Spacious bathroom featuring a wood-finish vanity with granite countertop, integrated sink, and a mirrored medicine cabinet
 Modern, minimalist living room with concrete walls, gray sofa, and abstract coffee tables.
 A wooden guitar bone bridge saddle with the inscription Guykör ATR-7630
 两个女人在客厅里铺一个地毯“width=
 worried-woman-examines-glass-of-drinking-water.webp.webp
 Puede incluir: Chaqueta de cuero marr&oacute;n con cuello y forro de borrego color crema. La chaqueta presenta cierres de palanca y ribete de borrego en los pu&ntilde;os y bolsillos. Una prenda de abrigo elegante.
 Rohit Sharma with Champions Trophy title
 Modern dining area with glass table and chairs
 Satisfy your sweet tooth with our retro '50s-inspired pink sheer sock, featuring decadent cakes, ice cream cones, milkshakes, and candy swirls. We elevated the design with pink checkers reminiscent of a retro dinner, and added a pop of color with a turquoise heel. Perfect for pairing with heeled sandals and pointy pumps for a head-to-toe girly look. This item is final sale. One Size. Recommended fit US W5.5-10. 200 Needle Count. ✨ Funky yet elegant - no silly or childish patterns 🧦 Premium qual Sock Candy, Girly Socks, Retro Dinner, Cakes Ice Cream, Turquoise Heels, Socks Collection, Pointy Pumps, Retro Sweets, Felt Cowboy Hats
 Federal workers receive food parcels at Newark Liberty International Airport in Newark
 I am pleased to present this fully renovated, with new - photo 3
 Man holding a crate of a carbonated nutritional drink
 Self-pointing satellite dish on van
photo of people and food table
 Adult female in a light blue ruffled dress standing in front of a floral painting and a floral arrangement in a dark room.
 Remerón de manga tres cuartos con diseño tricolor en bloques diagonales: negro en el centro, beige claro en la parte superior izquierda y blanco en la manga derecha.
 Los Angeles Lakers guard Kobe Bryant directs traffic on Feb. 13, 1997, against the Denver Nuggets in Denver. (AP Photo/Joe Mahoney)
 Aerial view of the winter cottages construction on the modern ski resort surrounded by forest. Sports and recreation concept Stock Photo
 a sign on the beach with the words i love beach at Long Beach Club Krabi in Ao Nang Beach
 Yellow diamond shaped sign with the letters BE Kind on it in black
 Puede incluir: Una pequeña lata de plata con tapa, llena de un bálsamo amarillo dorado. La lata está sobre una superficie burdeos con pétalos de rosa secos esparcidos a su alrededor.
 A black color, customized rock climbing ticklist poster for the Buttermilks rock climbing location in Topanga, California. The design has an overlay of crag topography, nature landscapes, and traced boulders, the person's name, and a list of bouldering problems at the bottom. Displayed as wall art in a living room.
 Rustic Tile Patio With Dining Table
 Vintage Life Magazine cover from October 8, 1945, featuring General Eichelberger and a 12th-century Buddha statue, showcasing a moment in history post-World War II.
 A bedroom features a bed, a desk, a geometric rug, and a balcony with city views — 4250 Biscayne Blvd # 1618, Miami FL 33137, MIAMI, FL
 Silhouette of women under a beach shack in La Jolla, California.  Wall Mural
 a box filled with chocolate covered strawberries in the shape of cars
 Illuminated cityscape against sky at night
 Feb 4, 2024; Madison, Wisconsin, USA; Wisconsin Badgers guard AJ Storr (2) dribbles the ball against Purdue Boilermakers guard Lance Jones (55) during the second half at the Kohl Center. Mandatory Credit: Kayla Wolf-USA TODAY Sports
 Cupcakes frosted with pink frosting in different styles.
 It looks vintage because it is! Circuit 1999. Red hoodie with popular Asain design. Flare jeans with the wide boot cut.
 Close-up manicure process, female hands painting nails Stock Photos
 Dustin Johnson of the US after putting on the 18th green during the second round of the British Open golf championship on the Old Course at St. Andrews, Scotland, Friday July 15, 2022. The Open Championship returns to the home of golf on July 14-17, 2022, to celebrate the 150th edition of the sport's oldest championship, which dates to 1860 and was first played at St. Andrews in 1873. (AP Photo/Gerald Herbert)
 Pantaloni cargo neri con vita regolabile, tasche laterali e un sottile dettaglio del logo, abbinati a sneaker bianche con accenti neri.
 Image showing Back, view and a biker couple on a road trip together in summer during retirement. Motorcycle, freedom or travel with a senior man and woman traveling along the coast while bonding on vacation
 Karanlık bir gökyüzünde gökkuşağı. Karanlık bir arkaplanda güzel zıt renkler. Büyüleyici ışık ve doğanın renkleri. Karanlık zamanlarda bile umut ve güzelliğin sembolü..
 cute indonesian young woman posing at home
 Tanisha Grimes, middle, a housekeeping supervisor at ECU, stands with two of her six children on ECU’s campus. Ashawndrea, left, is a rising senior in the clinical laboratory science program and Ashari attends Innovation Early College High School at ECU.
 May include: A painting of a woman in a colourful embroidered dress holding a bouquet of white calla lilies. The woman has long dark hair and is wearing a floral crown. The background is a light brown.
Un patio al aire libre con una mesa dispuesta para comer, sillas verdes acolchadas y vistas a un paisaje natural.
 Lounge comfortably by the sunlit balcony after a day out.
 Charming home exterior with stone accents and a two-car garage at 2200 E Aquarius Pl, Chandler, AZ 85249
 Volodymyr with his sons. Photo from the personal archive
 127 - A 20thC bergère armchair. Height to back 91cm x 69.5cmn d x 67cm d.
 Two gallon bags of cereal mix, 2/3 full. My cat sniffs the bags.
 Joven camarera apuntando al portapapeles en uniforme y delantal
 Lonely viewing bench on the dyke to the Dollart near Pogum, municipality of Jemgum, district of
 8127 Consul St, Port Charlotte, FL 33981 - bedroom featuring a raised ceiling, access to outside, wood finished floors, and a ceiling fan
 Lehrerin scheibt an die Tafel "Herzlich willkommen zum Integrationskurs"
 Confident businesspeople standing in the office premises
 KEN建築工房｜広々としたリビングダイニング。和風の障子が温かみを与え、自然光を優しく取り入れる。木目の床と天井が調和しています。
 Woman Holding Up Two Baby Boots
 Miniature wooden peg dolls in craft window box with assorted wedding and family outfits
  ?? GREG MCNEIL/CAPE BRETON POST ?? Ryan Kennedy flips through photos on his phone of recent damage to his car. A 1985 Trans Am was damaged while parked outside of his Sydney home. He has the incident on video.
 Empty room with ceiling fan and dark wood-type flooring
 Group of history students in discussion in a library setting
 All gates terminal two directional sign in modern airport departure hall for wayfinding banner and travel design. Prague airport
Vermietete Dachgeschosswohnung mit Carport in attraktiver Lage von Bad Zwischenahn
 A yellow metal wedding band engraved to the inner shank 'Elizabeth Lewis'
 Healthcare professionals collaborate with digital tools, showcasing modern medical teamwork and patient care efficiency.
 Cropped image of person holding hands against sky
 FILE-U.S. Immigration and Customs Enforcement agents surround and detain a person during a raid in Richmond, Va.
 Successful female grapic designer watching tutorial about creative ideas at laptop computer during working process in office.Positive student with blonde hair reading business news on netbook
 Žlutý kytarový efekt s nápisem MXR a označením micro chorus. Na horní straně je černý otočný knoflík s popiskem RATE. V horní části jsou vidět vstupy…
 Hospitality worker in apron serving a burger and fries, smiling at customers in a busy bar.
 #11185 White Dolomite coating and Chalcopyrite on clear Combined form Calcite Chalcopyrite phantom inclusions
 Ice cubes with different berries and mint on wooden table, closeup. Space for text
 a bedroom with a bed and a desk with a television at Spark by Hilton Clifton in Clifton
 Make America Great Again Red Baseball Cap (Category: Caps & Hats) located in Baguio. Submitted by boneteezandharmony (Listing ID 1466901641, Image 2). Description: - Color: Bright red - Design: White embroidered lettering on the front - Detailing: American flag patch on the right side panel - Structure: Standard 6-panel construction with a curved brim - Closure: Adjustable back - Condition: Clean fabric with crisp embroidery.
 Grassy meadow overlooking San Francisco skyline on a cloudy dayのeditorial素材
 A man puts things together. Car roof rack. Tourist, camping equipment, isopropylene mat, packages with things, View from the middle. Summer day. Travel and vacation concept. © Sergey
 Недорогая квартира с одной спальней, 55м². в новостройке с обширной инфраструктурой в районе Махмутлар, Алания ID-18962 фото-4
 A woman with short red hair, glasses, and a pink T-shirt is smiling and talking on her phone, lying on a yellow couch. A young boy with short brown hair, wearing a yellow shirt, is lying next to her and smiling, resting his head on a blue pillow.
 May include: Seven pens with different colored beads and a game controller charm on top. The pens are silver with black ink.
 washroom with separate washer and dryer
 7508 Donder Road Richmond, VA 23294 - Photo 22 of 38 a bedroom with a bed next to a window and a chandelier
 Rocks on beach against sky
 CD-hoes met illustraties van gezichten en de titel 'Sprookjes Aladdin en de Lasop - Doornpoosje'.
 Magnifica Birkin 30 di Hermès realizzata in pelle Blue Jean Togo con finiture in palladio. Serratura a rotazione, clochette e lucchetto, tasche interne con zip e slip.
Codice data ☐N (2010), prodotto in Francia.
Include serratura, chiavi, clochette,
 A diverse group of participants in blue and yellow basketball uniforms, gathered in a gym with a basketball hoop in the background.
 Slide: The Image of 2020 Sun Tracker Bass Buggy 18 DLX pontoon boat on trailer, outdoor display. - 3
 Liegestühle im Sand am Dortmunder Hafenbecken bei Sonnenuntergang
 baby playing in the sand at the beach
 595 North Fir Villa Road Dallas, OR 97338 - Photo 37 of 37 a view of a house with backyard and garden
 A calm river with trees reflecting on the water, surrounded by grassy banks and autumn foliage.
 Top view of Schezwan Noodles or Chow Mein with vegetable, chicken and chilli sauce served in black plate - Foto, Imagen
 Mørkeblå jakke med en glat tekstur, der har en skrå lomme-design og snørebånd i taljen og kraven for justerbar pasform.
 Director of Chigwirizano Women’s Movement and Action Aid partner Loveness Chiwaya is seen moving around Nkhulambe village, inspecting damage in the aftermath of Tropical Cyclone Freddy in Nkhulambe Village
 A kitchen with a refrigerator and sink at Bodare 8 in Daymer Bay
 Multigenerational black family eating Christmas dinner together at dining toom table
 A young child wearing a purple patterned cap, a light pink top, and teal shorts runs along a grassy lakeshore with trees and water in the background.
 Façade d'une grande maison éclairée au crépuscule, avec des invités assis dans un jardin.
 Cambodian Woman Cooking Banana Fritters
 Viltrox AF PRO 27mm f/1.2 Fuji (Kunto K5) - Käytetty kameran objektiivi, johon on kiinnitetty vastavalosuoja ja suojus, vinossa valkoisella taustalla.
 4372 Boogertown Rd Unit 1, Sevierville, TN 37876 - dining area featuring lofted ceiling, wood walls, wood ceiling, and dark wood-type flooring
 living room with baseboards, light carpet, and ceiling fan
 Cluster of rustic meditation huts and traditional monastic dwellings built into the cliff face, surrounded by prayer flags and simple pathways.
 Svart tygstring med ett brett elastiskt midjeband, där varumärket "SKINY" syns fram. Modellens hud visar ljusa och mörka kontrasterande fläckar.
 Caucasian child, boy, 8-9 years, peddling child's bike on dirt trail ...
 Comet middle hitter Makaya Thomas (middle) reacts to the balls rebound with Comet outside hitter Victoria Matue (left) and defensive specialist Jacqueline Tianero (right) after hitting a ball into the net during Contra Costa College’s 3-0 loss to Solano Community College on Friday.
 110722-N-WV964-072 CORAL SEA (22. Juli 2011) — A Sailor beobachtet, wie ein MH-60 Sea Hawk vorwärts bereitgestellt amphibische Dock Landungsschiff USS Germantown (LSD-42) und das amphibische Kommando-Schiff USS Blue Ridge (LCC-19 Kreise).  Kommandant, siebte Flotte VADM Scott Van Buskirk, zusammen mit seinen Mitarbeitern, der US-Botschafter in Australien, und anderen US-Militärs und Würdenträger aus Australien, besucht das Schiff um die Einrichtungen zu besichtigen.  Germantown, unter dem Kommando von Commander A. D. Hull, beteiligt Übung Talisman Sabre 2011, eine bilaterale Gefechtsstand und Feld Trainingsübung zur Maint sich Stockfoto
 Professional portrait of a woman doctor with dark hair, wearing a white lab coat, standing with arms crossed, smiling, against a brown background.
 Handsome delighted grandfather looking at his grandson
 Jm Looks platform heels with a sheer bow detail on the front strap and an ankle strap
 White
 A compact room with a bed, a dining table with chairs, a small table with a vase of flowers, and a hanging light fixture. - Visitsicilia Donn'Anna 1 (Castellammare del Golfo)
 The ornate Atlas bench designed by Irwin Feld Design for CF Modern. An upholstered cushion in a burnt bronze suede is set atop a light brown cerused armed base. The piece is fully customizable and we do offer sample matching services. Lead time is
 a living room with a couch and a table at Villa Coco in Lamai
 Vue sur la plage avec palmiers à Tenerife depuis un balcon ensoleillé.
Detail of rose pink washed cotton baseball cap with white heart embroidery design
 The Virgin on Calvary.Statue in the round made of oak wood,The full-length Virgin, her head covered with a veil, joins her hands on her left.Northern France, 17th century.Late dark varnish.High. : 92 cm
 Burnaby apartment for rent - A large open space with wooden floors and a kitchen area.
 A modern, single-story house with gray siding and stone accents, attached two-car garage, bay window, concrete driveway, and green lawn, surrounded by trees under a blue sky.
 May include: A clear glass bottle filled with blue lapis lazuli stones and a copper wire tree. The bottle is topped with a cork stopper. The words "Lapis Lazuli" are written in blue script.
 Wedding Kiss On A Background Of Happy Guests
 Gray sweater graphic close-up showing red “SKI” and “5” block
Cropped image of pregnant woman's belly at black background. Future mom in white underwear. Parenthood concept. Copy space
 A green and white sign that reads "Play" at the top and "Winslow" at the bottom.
· · · ·
### EXERCISE GOAL
The answer is the records above restated word for word from their opening line through the line that holds "Man holding a", both included, and nothing else.

### TASK RESULT
Spacious bathroom featuring a wood-finish vanity with granite countertop, integrated sink, and a mirrored medicine cabinet
 Modern, minimalist living room with concrete walls, gray sofa, and abstract coffee tables.
 A wooden guitar bone bridge saddle with the inscription Guykör ATR-7630
 两个女人在客厅里铺一个地毯“width=
 worried-woman-examines-glass-of-drinking-water.webp.webp
 Puede incluir: Chaqueta de cuero marr&oacute;n con cuello y forro de borrego color crema. La chaqueta presenta cierres de palanca y ribete de borrego en los pu&ntilde;os y bolsillos. Una prenda de abrigo elegante.
 Rohit Sharma with Champions Trophy title
 Modern dining area with glass table and chairs
 Satisfy your sweet tooth with our retro '50s-inspired pink sheer sock, featuring decadent cakes, ice cream cones, milkshakes, and candy swirls. We elevated the design with pink checkers reminiscent of a retro dinner, and added a pop of color with a turquoise heel. Perfect for pairing with heeled sandals and pointy pumps for a head-to-toe girly look. This item is final sale. One Size. Recommended fit US W5.5-10. 200 Needle Count. ✨ Funky yet elegant - no silly or childish patterns 🧦 Premium qual Sock Candy, Girly Socks, Retro Dinner, Cakes Ice Cream, Turquoise Heels, Socks Collection, Pointy Pumps, Retro Sweets, Felt Cowboy Hats
 Federal workers receive food parcels at Newark Liberty International Airport in Newark
 I am pleased to present this fully renovated, with new - photo 3
 Man holding a crate of a carbonated nutritional drink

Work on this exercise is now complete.